Économie et Statistique n° 455-456 - 2012Health Systems
Applying for Supplementary Health Insurance Vouchers: Lessons of A Social Experiment
In 2005, the French government introduced a plan called Aide Complémentaire Santé (ACS). Aimed at households whose living standards were just below the eligibility threshold for supplementary universal medical insurance (Couverture Médicale Universelle Complémentaire: CMU-C), ACS offers a “healthcare voucher” as an incentive to take out additional insurance coverage. Although the number of recipients has grown slowly since 2005, it remains modest. There are two possible explanations: (1) information on the existence of ACS, how it works, and how to apply for it is inadequate; (2) the subsidy is too low, making supplementary coverage too expensive even after deducting the voucher.

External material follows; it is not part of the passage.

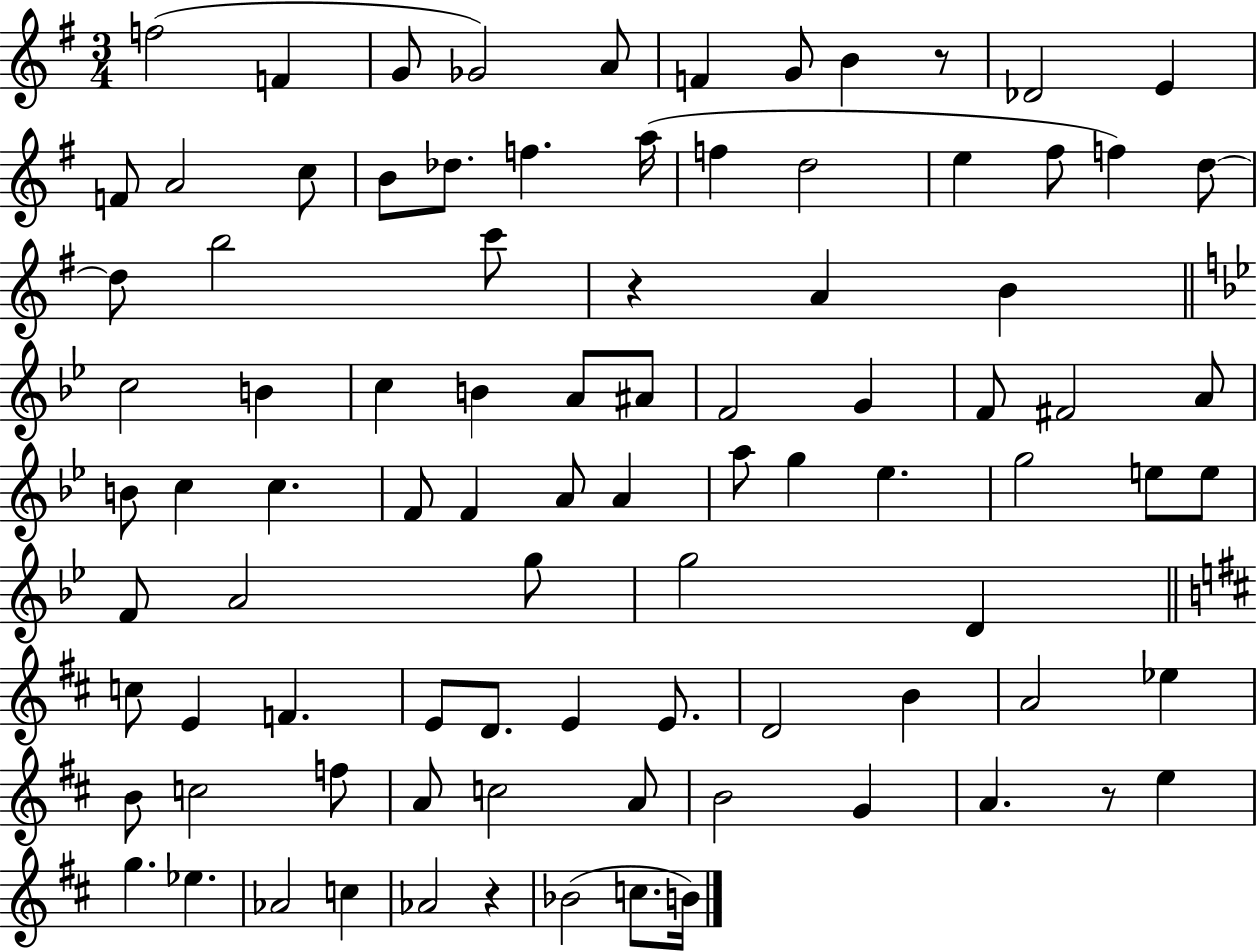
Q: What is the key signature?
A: G major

To test these two hypotheses, the University of Paris-Dauphine conducted a controlled social experiment on a sample of 4,209 insureds potentially eligible for ACS. A randomly selected group was offered a larger subsidy and a different form of access to information on the plan. The results demonstrate robustly that an increase in the “health voucher” slightly improves ACS use and allows better targeting of effectively eligible persons. However, ACS remains a complicated system that has difficulty reaching its target. In all, just 17% of insureds applied for ACS. A mere 9% of the insureds invited to an information meeting showed up, and the invitation largely discouraged the other insureds, nullifying the effect of the voucher increase. Only 55% of insureds who applied were granted ACS. The others were turned down, in most cases because they exceeded the means-test limit. We therefore conclude that, in addition to the complexity of application procedures, access to the plan is inhibited by the difficulty in targeting the eligible population and the significant uncertainty over eligibility that this entails.